Title: A Penny for Your Thoughts

by: Michael J. Boyle, C.L.C.

The title of this article would seem to place a meaningful value on a penny. It’s an old saying dating back many years. As near as I can determine it originated in a book published in 1546 by John Heywood an English author.

Apparently there was a time when a penny was perceived as having some value worth tying to a question that seeks to elicit, in a kindly fashion, what a person might be mulling over in their mind. The curiosity seemed to imply that the disclosure of the thought might be worthy of the payment of a penny.

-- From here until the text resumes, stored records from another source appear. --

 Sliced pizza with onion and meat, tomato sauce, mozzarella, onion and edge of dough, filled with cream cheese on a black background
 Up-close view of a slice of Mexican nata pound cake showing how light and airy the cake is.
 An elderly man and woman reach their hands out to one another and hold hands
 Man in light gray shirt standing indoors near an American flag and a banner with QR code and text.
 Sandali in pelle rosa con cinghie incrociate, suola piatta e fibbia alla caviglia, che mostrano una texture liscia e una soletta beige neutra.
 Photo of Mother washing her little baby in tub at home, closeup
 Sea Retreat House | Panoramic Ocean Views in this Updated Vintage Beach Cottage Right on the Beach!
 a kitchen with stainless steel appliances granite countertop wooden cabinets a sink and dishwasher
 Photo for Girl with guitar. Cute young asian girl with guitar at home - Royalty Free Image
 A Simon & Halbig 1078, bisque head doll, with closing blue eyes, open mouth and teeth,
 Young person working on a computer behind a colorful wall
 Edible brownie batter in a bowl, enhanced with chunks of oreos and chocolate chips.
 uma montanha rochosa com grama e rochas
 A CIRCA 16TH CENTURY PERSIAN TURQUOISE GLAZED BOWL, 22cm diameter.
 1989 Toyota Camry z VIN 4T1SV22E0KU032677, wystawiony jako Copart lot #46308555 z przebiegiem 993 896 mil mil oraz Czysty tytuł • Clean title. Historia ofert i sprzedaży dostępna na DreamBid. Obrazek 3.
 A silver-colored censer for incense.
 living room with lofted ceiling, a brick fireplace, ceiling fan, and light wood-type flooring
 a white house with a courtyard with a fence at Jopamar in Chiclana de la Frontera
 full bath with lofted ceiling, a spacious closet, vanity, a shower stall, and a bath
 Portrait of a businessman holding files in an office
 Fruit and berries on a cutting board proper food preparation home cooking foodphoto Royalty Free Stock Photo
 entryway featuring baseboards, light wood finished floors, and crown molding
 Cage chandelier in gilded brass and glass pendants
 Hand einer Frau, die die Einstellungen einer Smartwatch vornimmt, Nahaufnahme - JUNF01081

A penny was worth something of importance at some time in the past. That could hardly be the case now. Nowadays the penny seems to be a topic of great derision whenever the subject of money comes up. Whatever value it may have had has long been lost to the inflation of our economy. Though I don’t hear the expression much these days, when it is said I can only wonder if some people would be suggesting, in the tone of a more cynical society, that the thought was of little value. Meaning instead something like, “I don’t really give a darn what you think” more in the spirit of the diminished penny?

Today, seemingly worthless, pennies can be found with great frequency lying on the ground most anywhere. Lessened in their economic value they are ignored in the extreme. It occurs to me that that we have also, in lock step, grown to care less what other people think about us, our actions or anything else. We want to command the last word. But lets deal with the penny first.

I, for reasons I am not sure, have always bent down and retrieved the many pennies that I encounter. For years I have saved my pocket change and periodically, usually every fourth or fifth month, take my rolled up change to the bank and exchange it for dollar bills. The part that is rolled up pennies becomes three or four dollar bills and they take on a bit more importance. Saving them allows, through exchange, to create a more acceptable and valued denomination.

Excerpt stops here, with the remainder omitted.